Solution and Explanation

Step 1: Applying the impulse-momentum theorem The impulse-momentum theorem states: \[ \text{Impulse} = \text{Change in Momentum} \] Impulse is given by: \[ \text{Impulse} = F \cdot t \] Let \( m \) be the mass of the body.

 Step 2: Calculating momentum changes 1. Impulse due to 20 N force (First phase) - Force \( F_1 = 20 \) N - Time \( t_1 = 2 \) s Impulse: \[ I_1 = F_1 \cdot t_1 = 20 \times 2 = 40 \text{ Ns} \] Since the body starts from rest, initial momentum: \[ \text{Initial momentum} = 0 \] Momentum after first phase: \[ p_1 = 40 \text{ Ns} \] 2. Impulse due to 60 N force (Second phase in opposite direction) - Force \( F_2 = 60 \) N - Time \( t_2 = 1.5 \) s Impulse: \[ I_2 = F_2 \cdot t_2 = 60 \times 1.5 = 90 \text{ Ns} \] Since this force acts in the opposite direction, it reduces momentum. 
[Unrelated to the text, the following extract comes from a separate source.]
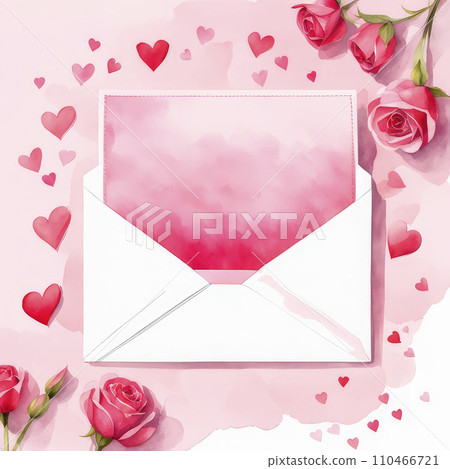Watercolor valentine envelope letter with hearts on white background. Watercolor valentine envelope letter with hearts on white background. 110466721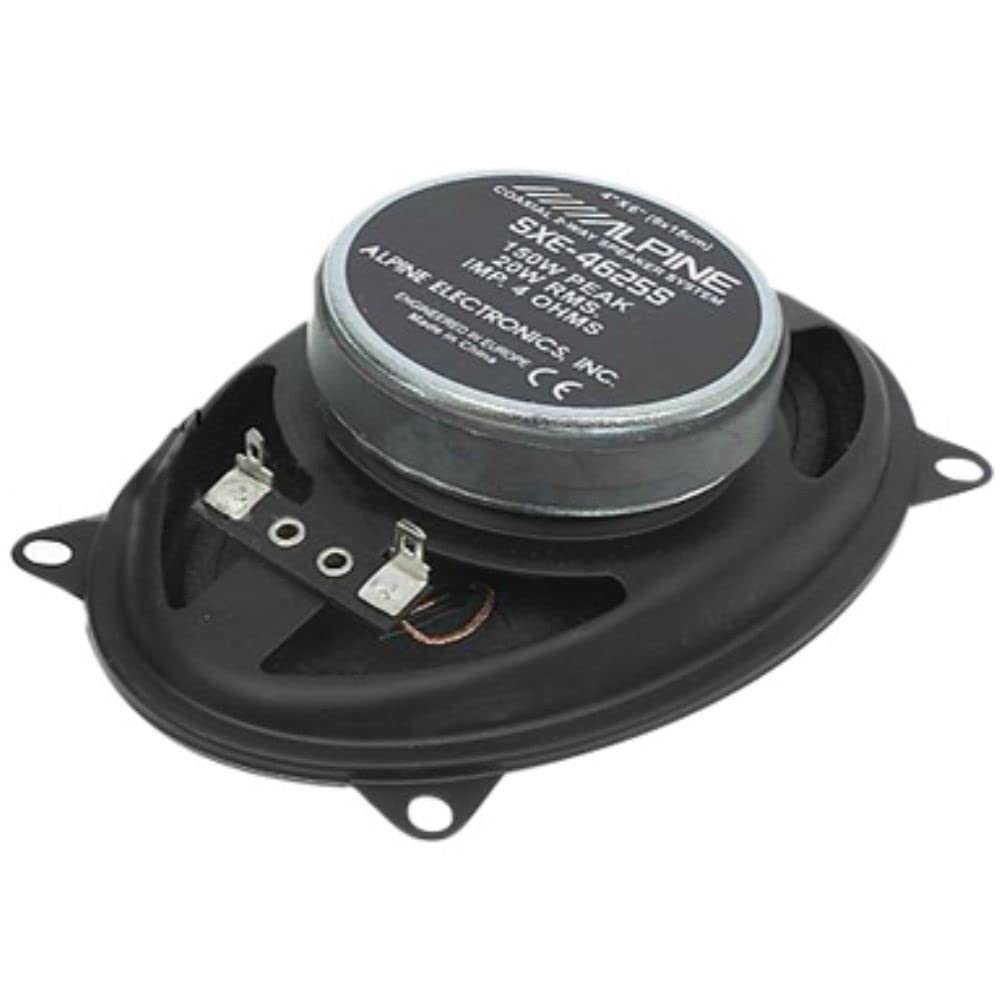 Kit Set para Alpine SXE-4625S 2 Altavoces coaxiales de 2 vías 4" x 6" 10 x 15 cm 100x150 mm 20 vatios rms y 150 vatios máx para Coche, por par + 5 Pegatinas + Tornillos de instalación incluidos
Step 3: Using final velocity condition Final momentum after second phase: \[ m \cdot v = 90 - 40 = 50 \text{ Ns} \] Given that the final velocity \( v = 10 \) m/s: \[ m \cdot 10 = 50 \] Solving for \( m \): \[ m = \frac{50}{10} = 5 \text{ kg} \]

 Step 4: Verifying the correct option Comparing with the given options, the correct answer is: \[ \mathbf{5 \text{ kg}} \]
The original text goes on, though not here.